Durante
eones dormitó en la oscuridad de lo eterno, flotando en el vacío indiferenciado.
Durante eones fue aprendiendo a Ser, escuchando tan solo su silencio interno.
Sintió
nacer en sí el impulso creador, lo vio revolotear en sus entrañas empujándolo hacia
algo. Lo incubó con cuidado hasta que este fue tan grande que no pudo retenerlo
más. Pronunció entonces la primera palabra y dijo “Hágase la luz”.
Un resplandor
comenzó a llenar el espacio inconmensurable. En perfecta simetría, su pureza
irradió en todas direcciones despejando las densas sombras que poblaban los
rincones del universo. Giró, giró, y volvió a girar…. bañándolo todo con su
blanca claridad. Fue Sol y se dio por completo en su radiar.
Percibió
cómo lo indiferenciado comenzaba a diferenciarse, su luz se fue densificando y trazas
amarillas comenzaron a teñir la blancura de su ser cósmico. Abandonando la simetría,
donó sus áureos rayos a la tierra recién aparecida, su Yo encontró en ella un
punto de anclaje y feliz por su nueva obra, irradió veloz al infinito.
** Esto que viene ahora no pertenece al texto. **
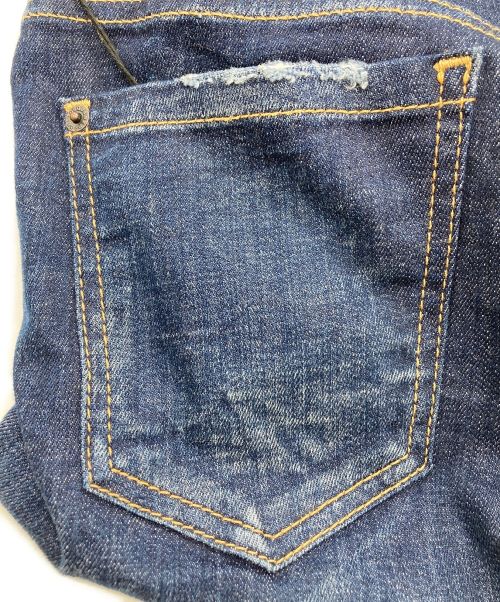 DSQUARED2（ディースクエアード）DSQUARED2 (ディースクエアード) DARK CLEAN WASH JINNY Jeans インディゴ サイズ:SIZE 34の古着・服飾アイテム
Fue el
alado mensajero de la luz, alcanzando los más lejanos vacíos.
Calmó poco
a poco su euforia, aprendiendo a escuchar cuanto le rodeaba. Inclinado hacia el
cosmos, abrió un espacio para la vida, que bajo sus pies crecía. Palpó en
amorosa entrega el verde extenso de las praderas sin frontera, y fue madre de los
seres que en ellas se esparcían.
Se observó
entonces a sí mismo como centro del todo y descubrió en su interior una fuerza capaz
de soportar el universo. Vio subir el rojo de su voluntad desde las
profundidades de sus abismos hasta las más elevadas alturas. Sintió el poder que
habitaba en su interior, fogoso y marcial a una, doblegándose para proteger el mundo.
Se elevó por
encima de sus límites hasta verse desde fuera, aplacó su ímpetu y un plácido
resplandor naranja llenó su alma con la paz del que nada espera. Abarcó la totalidad
con su sabia mirada y reconociéndose responsable de la existencia, quiso comprender
sus confines.
Llegó a
los límites del tiempo que él mismo había creado, y observó cómo el níveo azul
de la bóveda celeste se había ido densificando con el trascurrir de las eras. Infinitas
edades habían pasado desde que el espacio naciera como receptáculo inicial del todo,
su primigenio calor se había ya enfriado, y un denso azul marino daba hoy fe de
la profunda oscuridad que un día fue
iluminada.
Desde la
más lejana esfera volvió a interiorizarse en su punto central, se sumergió en
el océano violeta del dejar hacer, que impregnó sus recodos hundiéndole en la
pesantez. Se entregó por completo, perdiendo su propio movimiento, feliz de
reflejar la luz de otros. Y fue este último y voluntario sacrificio el que
permitió a su creación replicarse, observarse a sí misma en su espejo y ser una
con su creador, descubriendo en su interior el sendero de vuelta a lo eterno.